Гомбрих, или Наука и иллюзия. Очерки текстуальной прагматики - Степан Ванеян 10 стр.


Но и паттерны вовсе не пассивны. Более того, они активны в сторону сознания, они тоже участвуют в делании, но выглядят подделками, причем именно сделанными – пусть и бессознательно. И именно их двусмысленность – стимул к творчеству, к поиску ответов через перебор и сравнение вариантов, что невозможно делать, минуя память и, соответственно, историю. Так что художник – экспериментатор, а художество – род исследовательского дискурса, потому что такова схема создания и искусства, и истории искусства: методом проб и ошибок, требующих выбора, то есть оценки. Но каковы критерии и кому они принадлежат? Соответствуют ли позиции и инстанции самому художнику или, быть может, зрителю?

Паттерны иллюзорного – волшебство физиогномического

История может смущать: постоянное обращение к предыдущему опыту ведет к дурной бесконечности ретроспективизма, пусть она в случае с искусством и выступает в виде коллективного визуального опыта (стиля). Позиция нативизма более четкая, но не учитывает «игру эквивалентностей», «мелодию трансформаций», природа которых – в самом искусстве, в волшебстве близости родства и цельности на всех уровнях жизни, в том числе и бессознательной. Примером этого могут служить воздействия света и текстуры в картине (телесное и эмоциональное), эффекты пространства на плоскости (телесность как двигательная активность), но главное, по мысли Гомбриха (предыдущие случаи он ненавязчиво дезавуирует, особенно пространство и тактильность), это, несомненно, физиогномика. Здесь как раз и обнаруживает себя случай целостности именно как понимания, согласия без лишних слов, то есть – наглядно и реально, мы бы сказали, феноменологически. Не будет ли в таком случае столь выделяемый Гомбрихом метод перебора возможностей ради достижения и обретения оптимального (то есть приемлемого в некоторой ситуации) варианта эйдетической редукции, хотя он несомненно и неумолимо отрицает саму возможность эйдетических образов и соответствующей памяти. Но, быть может, как раз в этом активном отрицании и спрятан ключ к размыканию скрытой феноменологичности автора «Искусства и иллюзии»?

Этот момент тем более примечателен в случае Гомбриха, который почти не скрывает своей текстуальной настроенности. (Он не только подчеркнуто опирается на текстуальные источники и позволяет себе не только прямое диалогическое обращение к читателю, заменяющему у него имплицитного зрителя, но и не менее риторическое описание эффектов от своей книги, в том числе мнимых и иллюзорных.)
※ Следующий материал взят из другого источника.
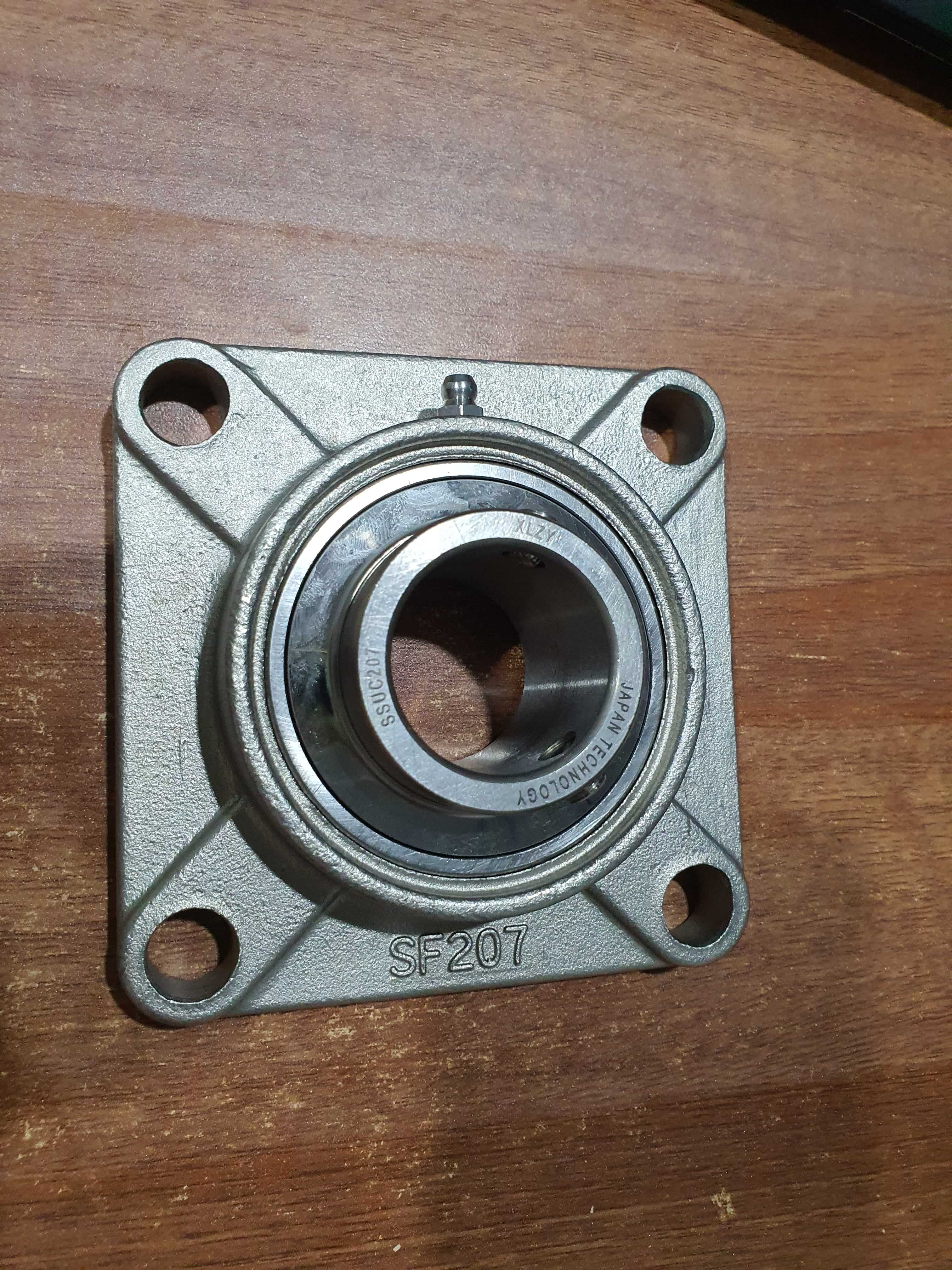 Gối đỡ vòng bi inox sucf204 - trục ø20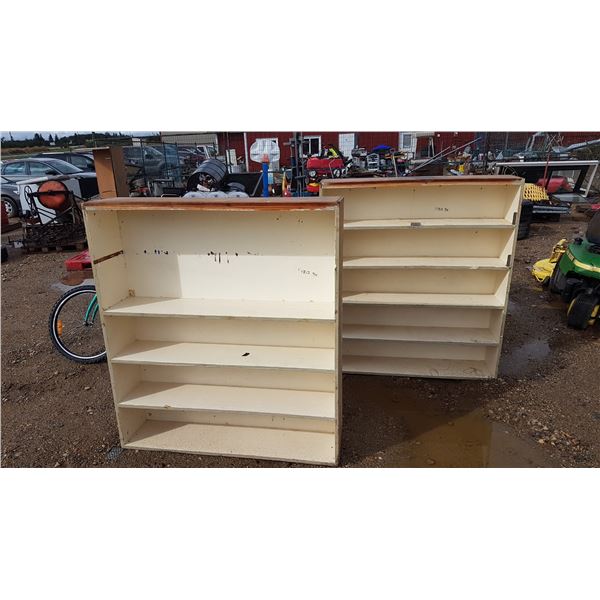 2 Shelves 46 X 10 X 52 Inch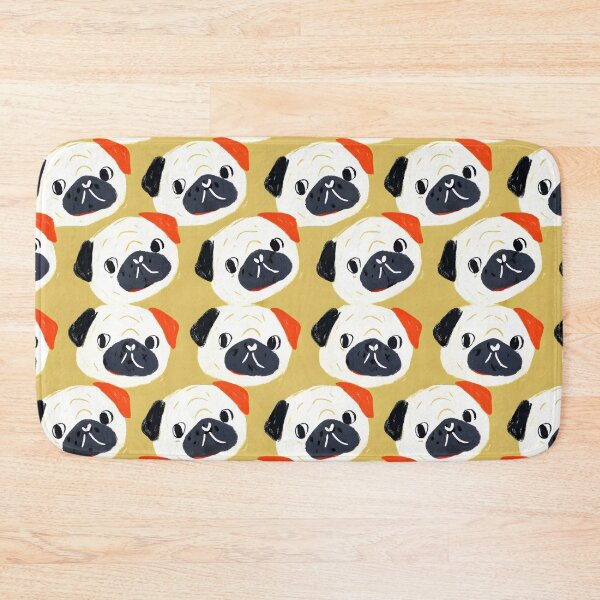 Item preview, Colorful Pug Face Pattern designed and sold by dreampik.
Более того, предпочтение физиогномики – тоже риторического свойства, ибо она сама, как это видится Гомбриху, есть вариант наглядно-визуальной риторики характерологического начала в человеке. Она воспроизводится во всяком визуальном творчестве, где крайне важно именно воспроизведение, передача узнаваемого и выразительного, говорящего, то есть красноречивого, – начиная с самых возвышенных образцов портретного искусства и заканчивая комиксами того же Брюноффа с его слоновьей физиогномикой. Гомбрих, между прочим, весьма лоялен к мультипликации и вообще к «низким» жанрам изобразительности по причине как их незамысловатой наглядности в качестве иллюстраций излагаемых идей, так и общего интереса ко всякого рода «дивиантным» разновидностям изобразительной традиции, нарушающим нормы или просто в них не нуждающимся в той мере, насколько они важны для «высоких» жанров (чуть ниже он прямо говорит, что канон и схема не позволяют «жизни» слишком легко проникнуть в искусство).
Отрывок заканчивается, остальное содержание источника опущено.